As part of new course, U of T Engineering students work with global stakeholders to address key challenges
More than 200 third-year students in the University of Toronto’s Faculty of Applied Science & Engineering recently presented collaborative solutions to a range of global challenges – from recycling plastics to clearing invasive plants from canal waterways – as part of a two-day showcase that was recorded for organizations around the world.
The showcase was held in classrooms across the faculty and recorded for partners based in Nigeria, Ghana, Thailand, Uganda and South Africa.
“Engineering is about people – it’s about the human condition,” says Philip Asare, an assistant professor in the division of engineering science and Institute for Studies in Transdisciplinary Engineering Education and Practice (ISTEP) who co-leads the course with Sasha Gollish, an assistant professor, teaching stream.
“We want students to be able to see how technical work is influenced by all the human dimensions: the setting, the context, the people you are working with and the capacity you have.”
Held for the first time this year, the redesigned Praxis III course builds on the success of Praxis I and II – two first-year classes that introduce students to the models and tools of engineering design, including communication, teamwork and professionalism. Praxis III expands these learning opportunities to students in their second year while introducing a global element.

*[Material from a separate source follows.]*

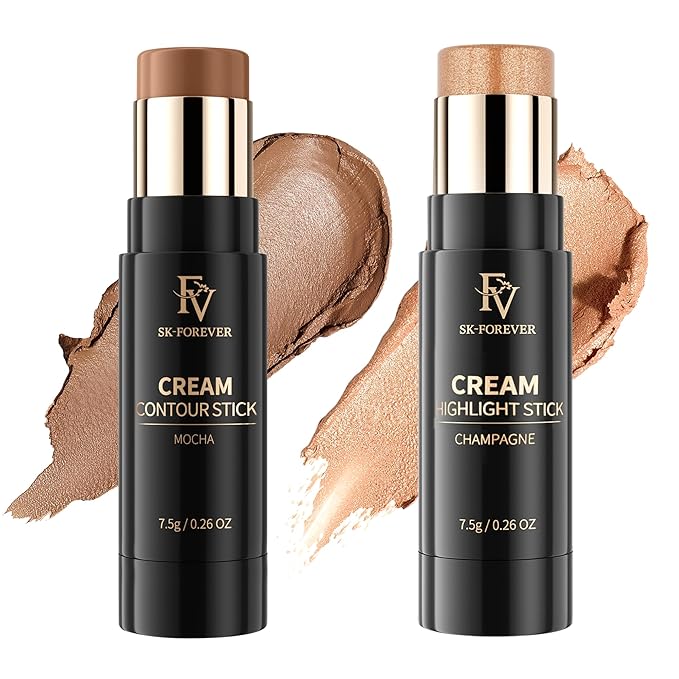 FV Contour and Highlighter Stick Set - Creamy, Highly Pigmented & Blendable for a Sculpted, Natural Glow, Waterproof & Long-Lasting Finish, Perfect for On-The-Go Makeup, 02 Mocha & 03 Champagne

This year’s cohort collaborated with business students at Georgia State University as they designed and tested their functioning product prototypes, which propose solutions to the challenges faced by communities around the world.
In one of the Ghana projects, Makafui Awuku, who is the founder and CEO of Mckingtorch Africa, invited students to look for novel ways to re-use plastic and sawdust in the creation of new building materials. Mckingtorch Africa recycles and upcycles plastic waste to create new products such as plastic mats, foodware and makeshift beds. The social enterprise is exploring the production of wood-like panels for construction made from recovered sawdust and plastic.
“Each of the five teams decided to focus on a different part of the value chain, from acquiring sawdust to mixing it with plastic, to measuring properties of the produced composite wood/plastic panels,” says Asare. “The collection of projects when viewed together provide a great overall value for Mckingtorch Africa.”
Students researched the local community, culture and practices to create designs that would provide benefit to the client while ensuring cultural sensitivity.
“Empathy is introduced as a core concept in Praxis III,” says Victoria German, a third-year engineering science student. “We had to do a lot of non-functional research to better understand the community we are serving.”
Instructors led students through reflection assignments, lectures, classroom discussions and hands-on building exercises that reinforced the importance of empathy in their designs.
Students pose with their thermal testing system, called Jim (Just Insert Material), as part of the “The Potential of Recycled Plastics” project with Mckingtorch Africa (photo by Safa Jinje)
During their presentations, student teams also made an argument for why their designs would be relevant to the community that they were working with, through both the lens of United Nations’ Sustainable Development Goals, and what they understood about the people and their needs.
“We spent a lot of time on the conception of the design. It was really important for us to make sure we were meticulous at every stage,” says third-year engineering science student Rasam Yazdi. “We definitely gained good experiences out of this from working with computer-aided design models to electrical work and the actual build.”
Praxis III is intended for second-year students, but this first iteration was introduced to third-year students due to pandemic-related delays. The next iteration begins in the winter term and will have close to 300 second-year students.
“This course requires us to innovate in a number of ways, especially with supporting the hands-on technical work through our partnership with the Myhal Fabrication Facility,” says Asare.
“We’ve produced important systems and processes that support the course work from a parts and components perspective. We have also introduced a procurement process and tools and widgets to help students work well in their labs.”
Asare says the experience has been a positive one for his global peers.
“The global partners are interested in these kinds of interactions with students; they have made it clear that they see value in it,” he says. “Next term, we are introducing humanitarian settings with projects in Yemen.”
“As the course evolves, we want to experiment with structures that make it possible for students to continue to pursue their designs beyond the course. There are lots of interesting things to come.”